Task goal
Exactly reproduce the lines of the listing below from the one containing "Walsall Central Heating" through the one containing "Beard Scissors for Men A". Skip the images.

:: Exercise input

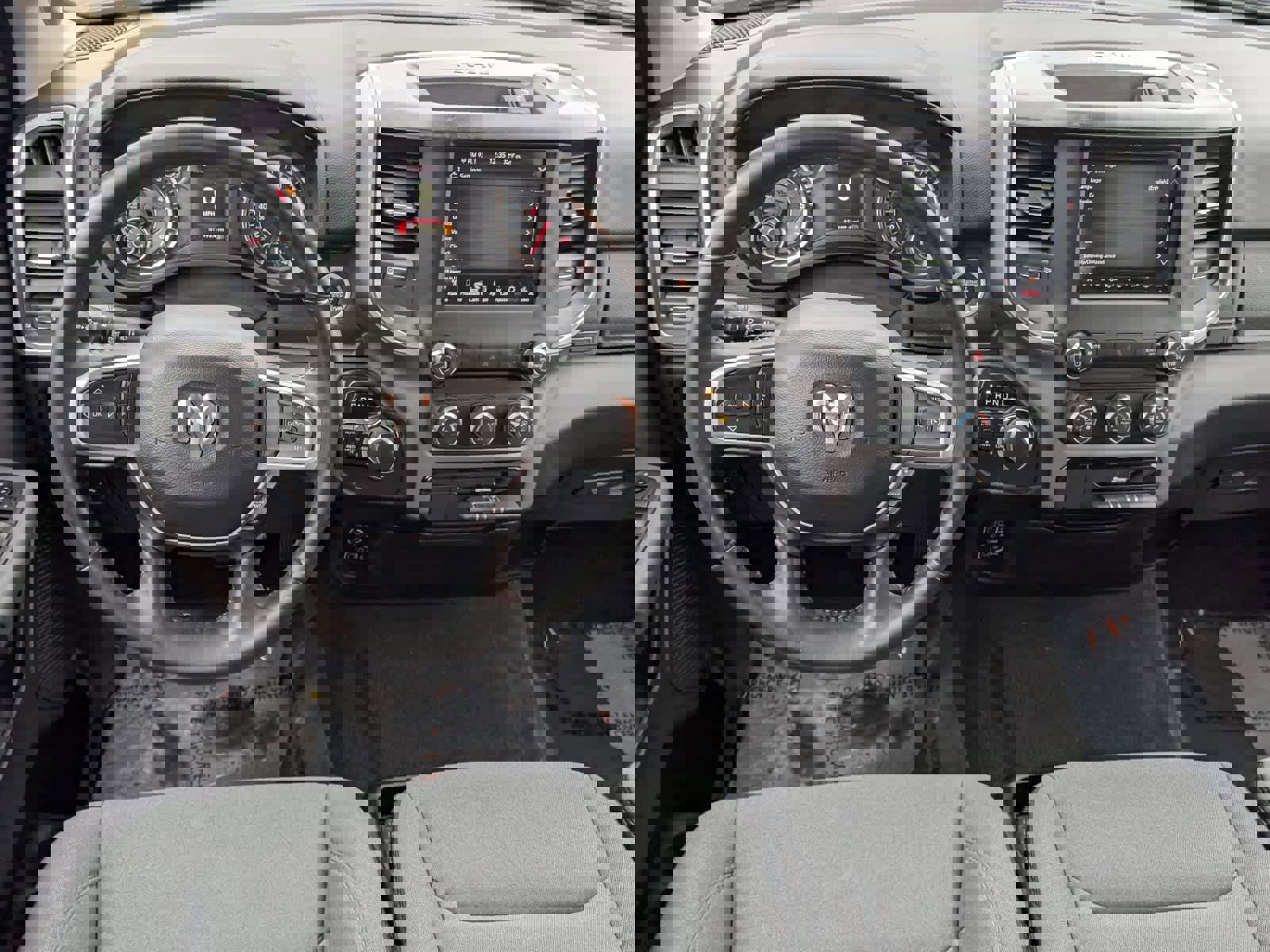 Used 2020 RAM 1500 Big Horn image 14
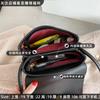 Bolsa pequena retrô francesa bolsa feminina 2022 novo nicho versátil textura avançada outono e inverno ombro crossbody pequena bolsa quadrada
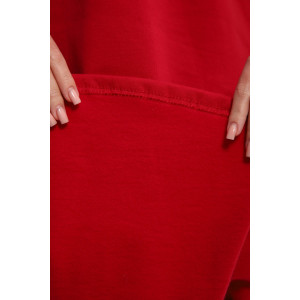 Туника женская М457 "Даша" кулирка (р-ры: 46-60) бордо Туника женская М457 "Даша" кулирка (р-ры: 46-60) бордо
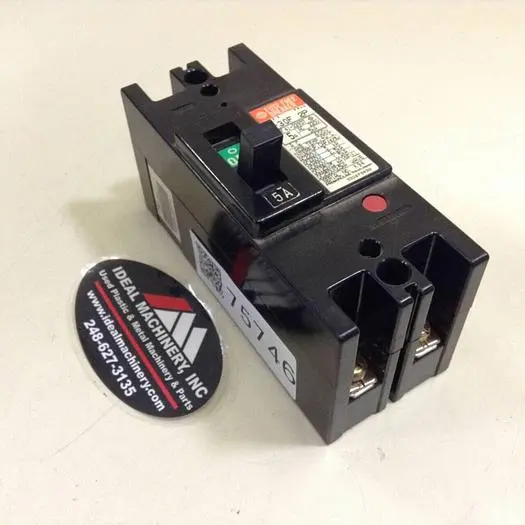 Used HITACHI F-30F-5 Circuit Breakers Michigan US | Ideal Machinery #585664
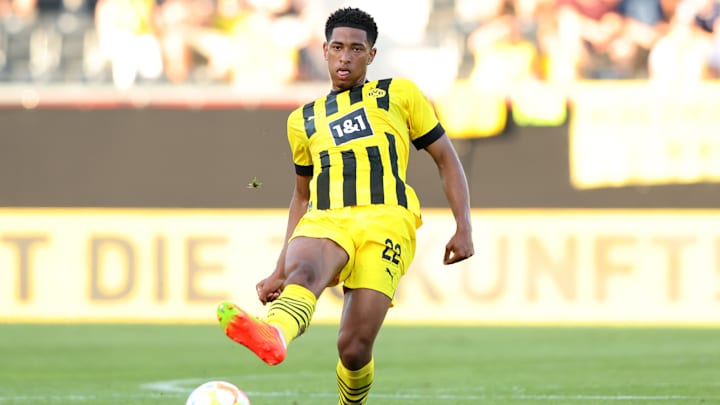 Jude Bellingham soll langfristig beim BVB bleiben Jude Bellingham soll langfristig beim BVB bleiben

::::
:: Exercise input

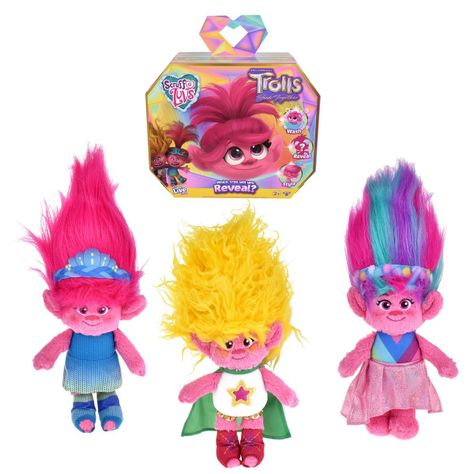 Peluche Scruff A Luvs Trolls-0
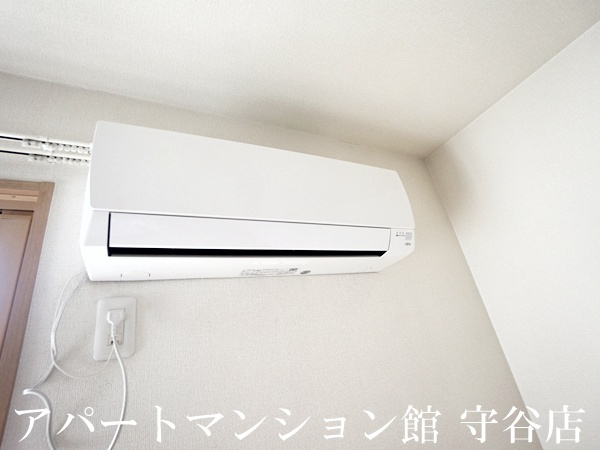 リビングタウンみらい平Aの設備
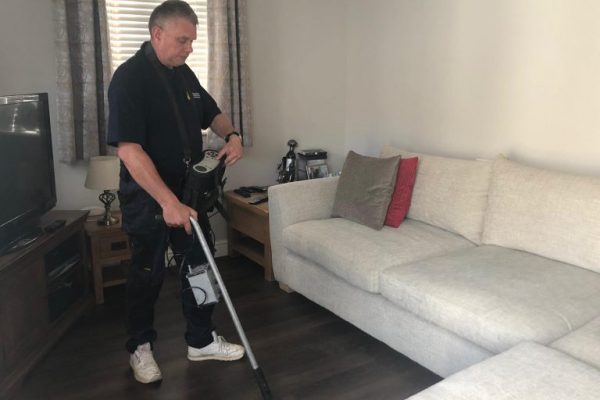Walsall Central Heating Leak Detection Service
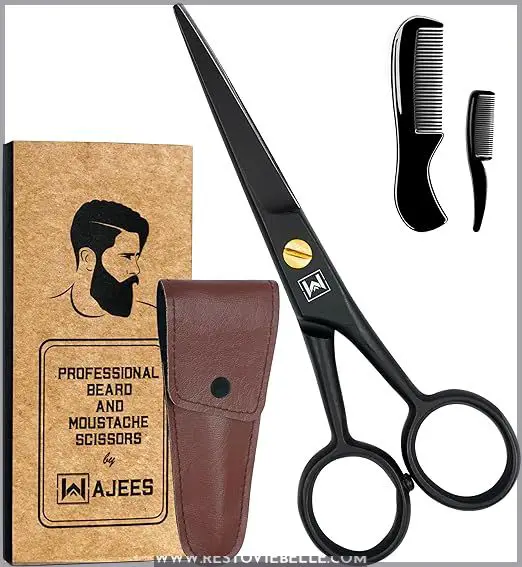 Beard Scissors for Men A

::::
:: Exercise input

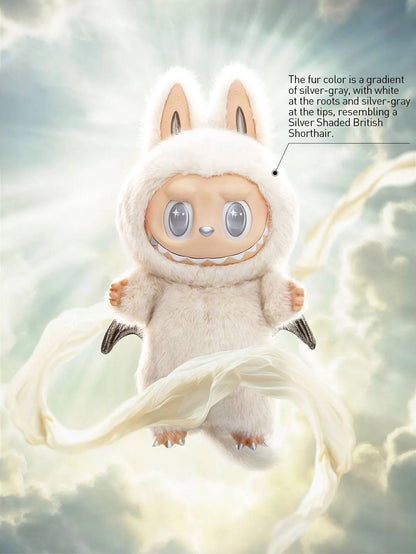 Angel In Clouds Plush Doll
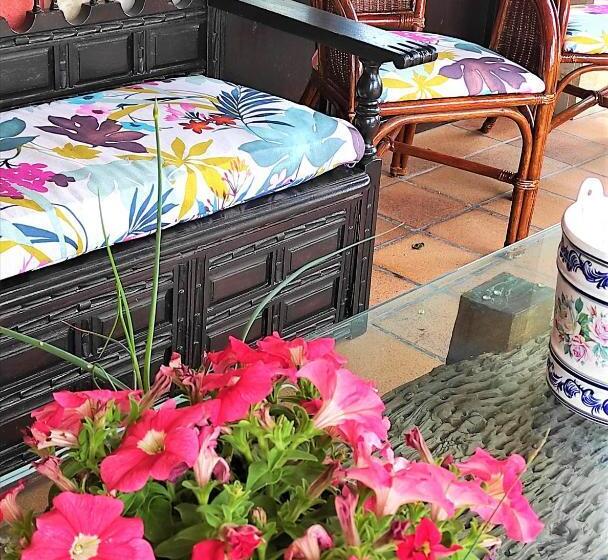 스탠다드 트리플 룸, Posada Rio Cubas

::::

Response
Walsall Central Heating Leak Detection Service
 Beard Scissors for Men A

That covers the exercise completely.